▶ [WHAT THIS TASK INVOLVES] Your copy of the entries below should hold exactly the lines from the one containing "Image of Tungsten" to the one containing "EDISHINE Modern Arched", inclusive, and no pictures.

▶ [RECORDS SHOWN]
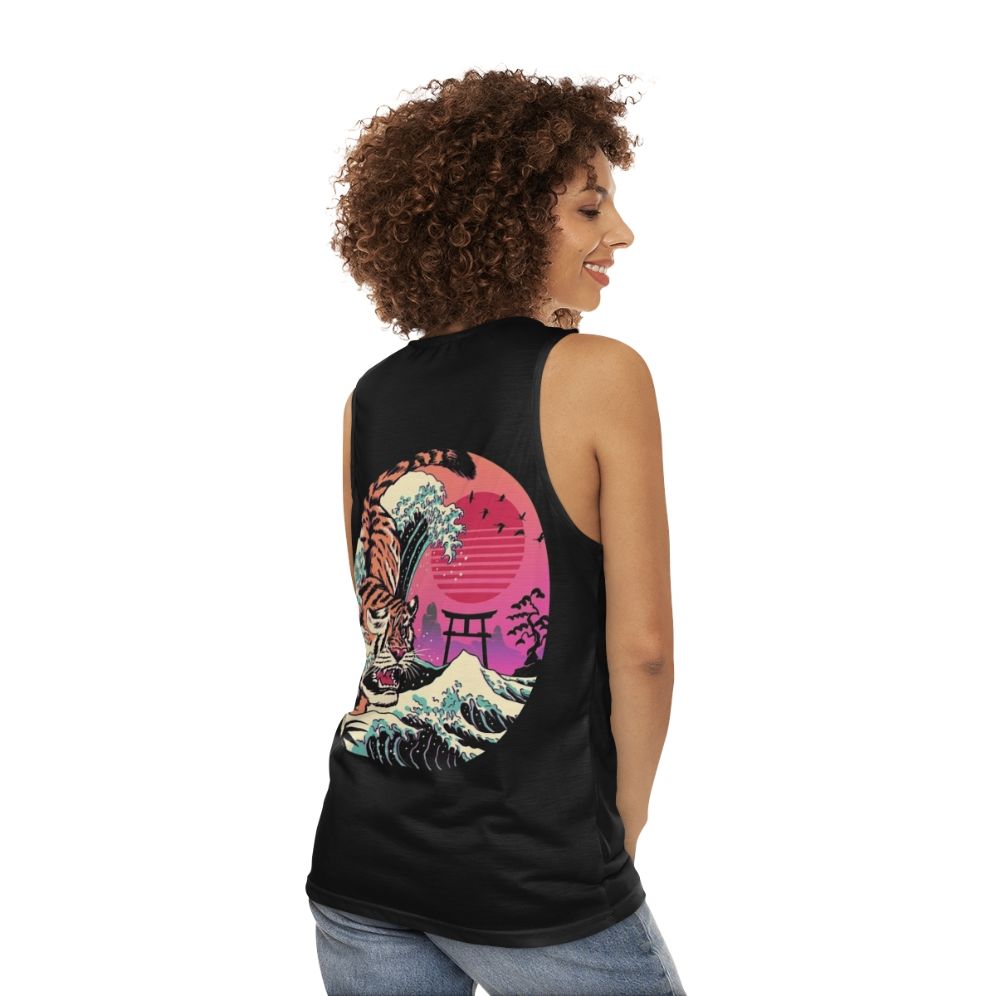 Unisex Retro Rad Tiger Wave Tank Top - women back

---

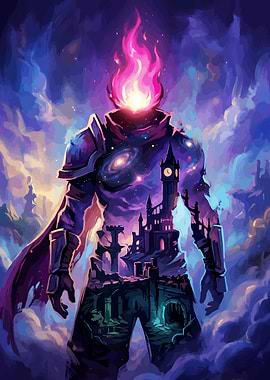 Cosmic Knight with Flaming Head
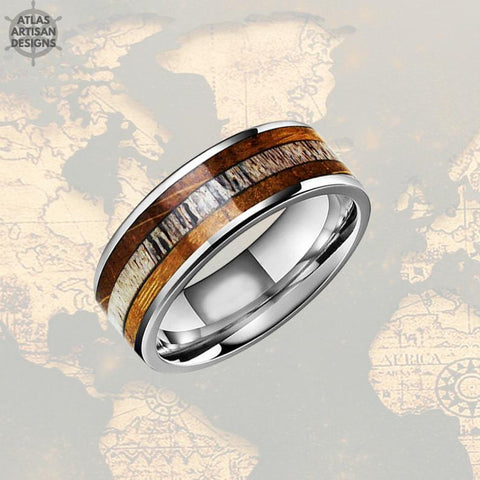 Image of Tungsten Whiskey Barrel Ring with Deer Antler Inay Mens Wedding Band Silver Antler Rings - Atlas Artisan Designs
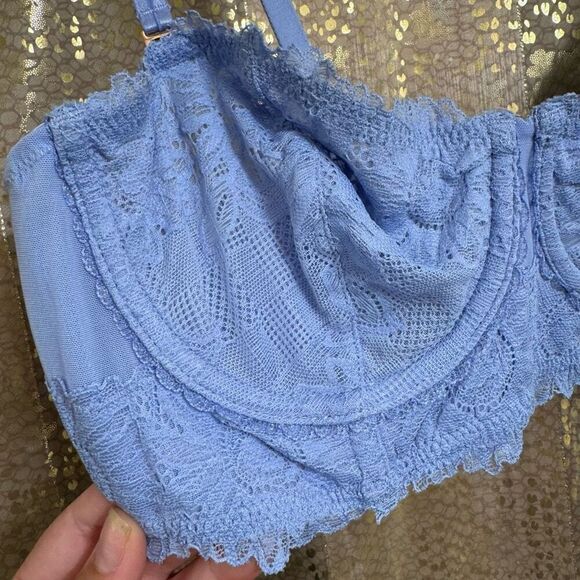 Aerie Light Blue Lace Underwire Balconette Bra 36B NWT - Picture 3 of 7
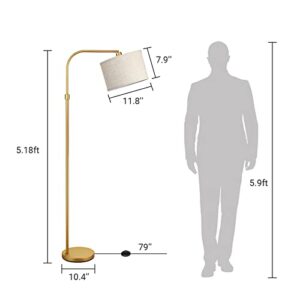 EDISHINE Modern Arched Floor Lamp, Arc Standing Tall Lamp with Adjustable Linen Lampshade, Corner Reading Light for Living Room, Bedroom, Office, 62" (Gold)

---

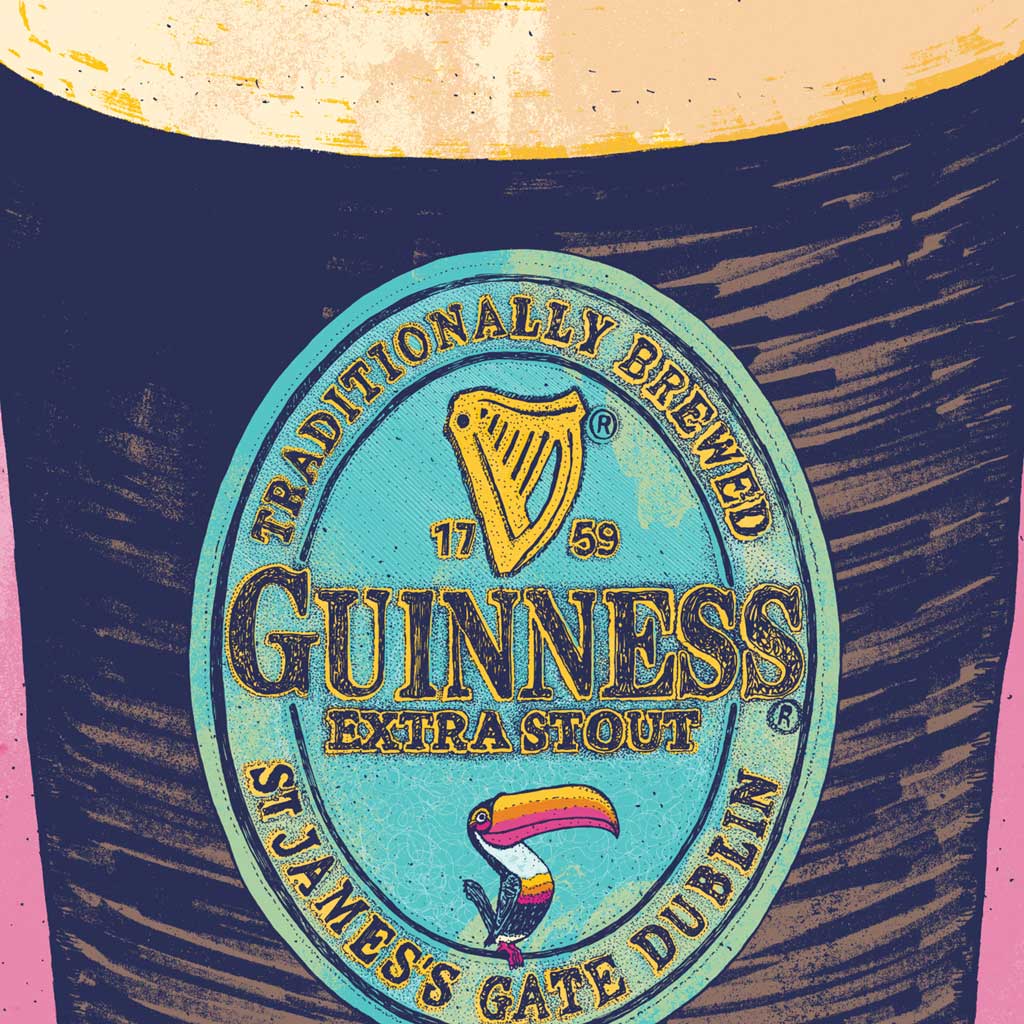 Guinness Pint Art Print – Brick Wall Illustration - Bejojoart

▶ [WRITTEN SOLUTION]
 Image of Tungsten Whiskey Barrel Ring with Deer Antler Inay Mens Wedding Band Silver Antler Rings - Atlas Artisan Designs
 Aerie Light Blue Lace Underwire Balconette Bra 36B NWT - Picture 3 of 7
 EDISHINE Modern Arched Floor Lamp, Arc Standing Tall Lamp with Adjustable Linen Lampshade, Corner Reading Light for Living Room, Bedroom, Office, 62" (Gold)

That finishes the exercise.